* **WORK TO COMPLETE**
In this exercise, write out the data word for word and leave every image out.
*** Opening of DATA TO EXAMINE ***
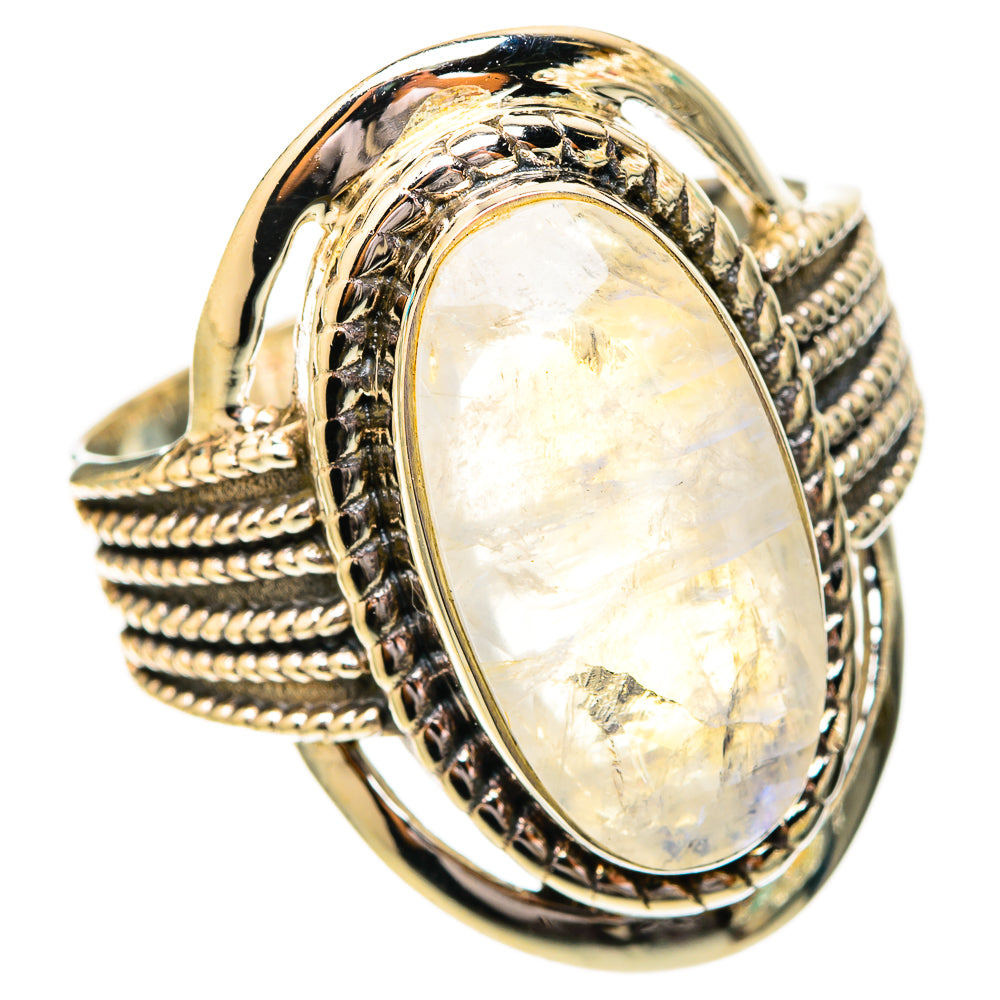 Rainbow Moonstone Rings handcrafted by Ana Silver Co - RING118156 - Photo 2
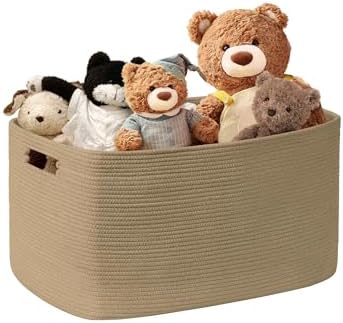 45L Small Woven Laundry Basket Hamper with Handles, Jute by SunNewt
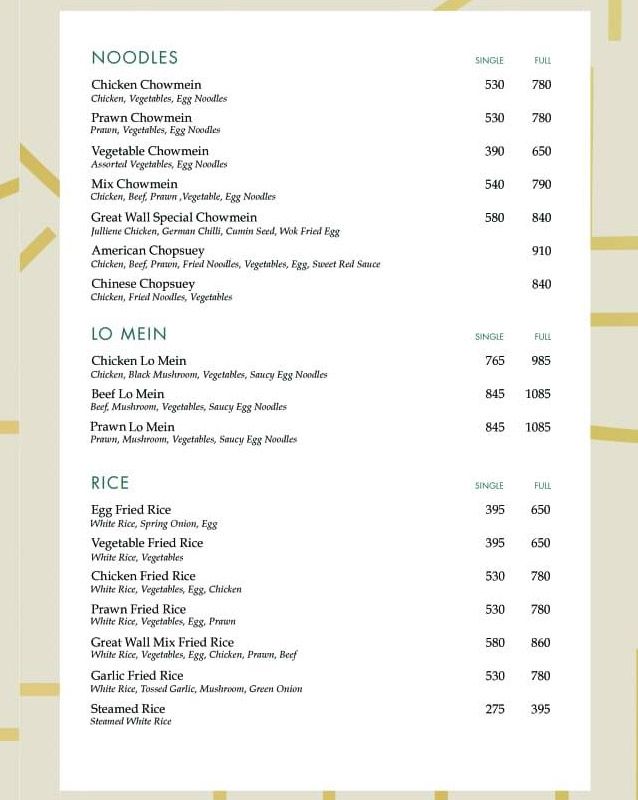 Great Wall Menu In Karachi Rated 37 Dec 2021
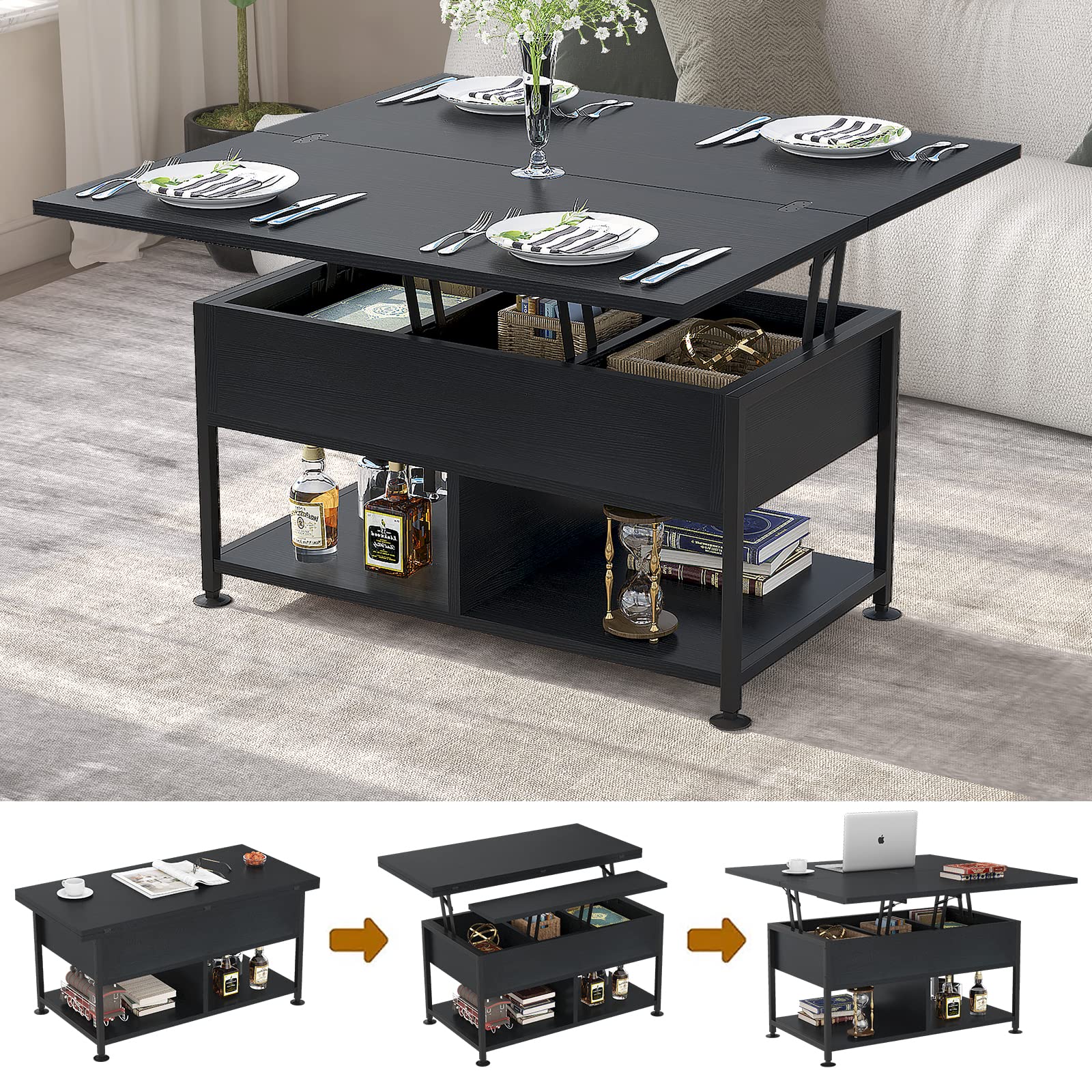 cosimates Lift Top Coffee Table ，4 in 1 Multi-Function Coffee Table with Hidden Compartment ，Modern Lift Tabletop Dining Table for Living Room Reception/Home Office, Black - WoodArtSupply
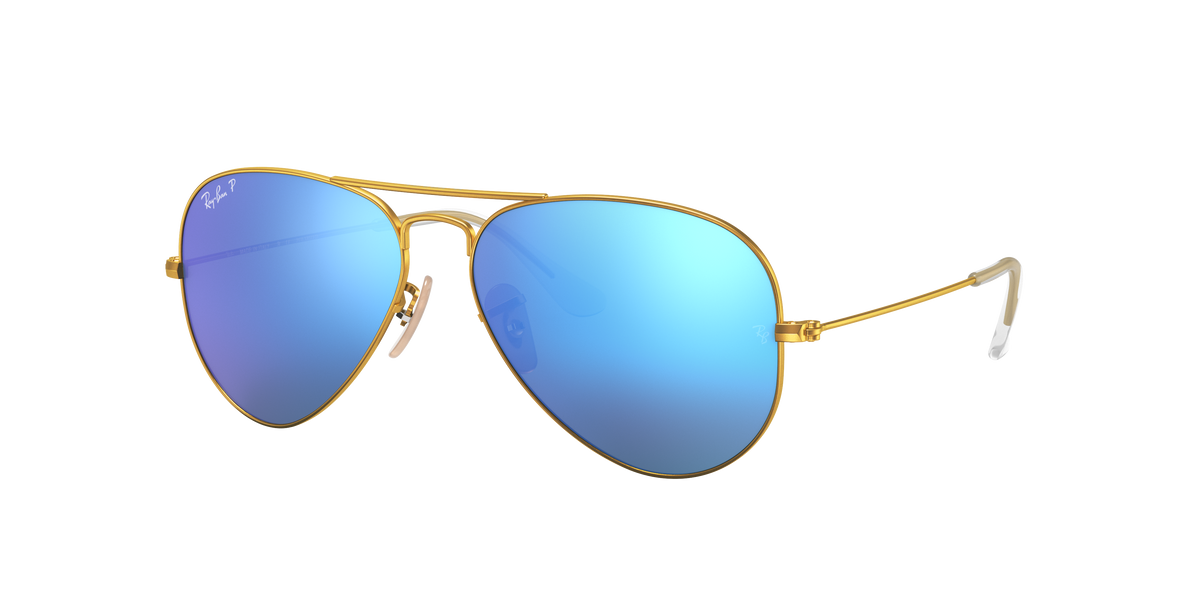 Ray-Ban Aviator Large Metal RB3025 Matte Gold Blue Gradient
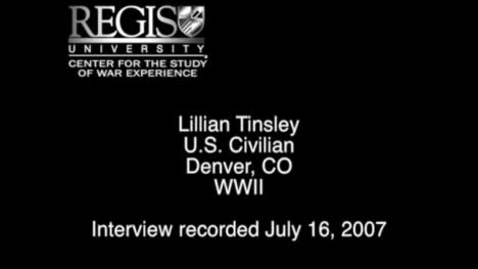 Thumbnail for entry Lillian Tinsley Interview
*** Close of DATA TO EXAMINE ***
* **EXERCISE ANSWER**
 Rainbow Moonstone Rings handcrafted by Ana Silver Co - RING118156 - Photo 2
 45L Small Woven Laundry Basket Hamper with Handles, Jute by SunNewt
 Great Wall Menu In Karachi Rated 37 Dec 2021
 cosimates Lift Top Coffee Table ，4 in 1 Multi-Function Coffee Table with Hidden Compartment ，Modern Lift Tabletop Dining Table for Living Room Reception/Home Office, Black - WoodArtSupply
 Ray-Ban Aviator Large Metal RB3025 Matte Gold Blue Gradient
 Thumbnail for entry Lillian Tinsley Interview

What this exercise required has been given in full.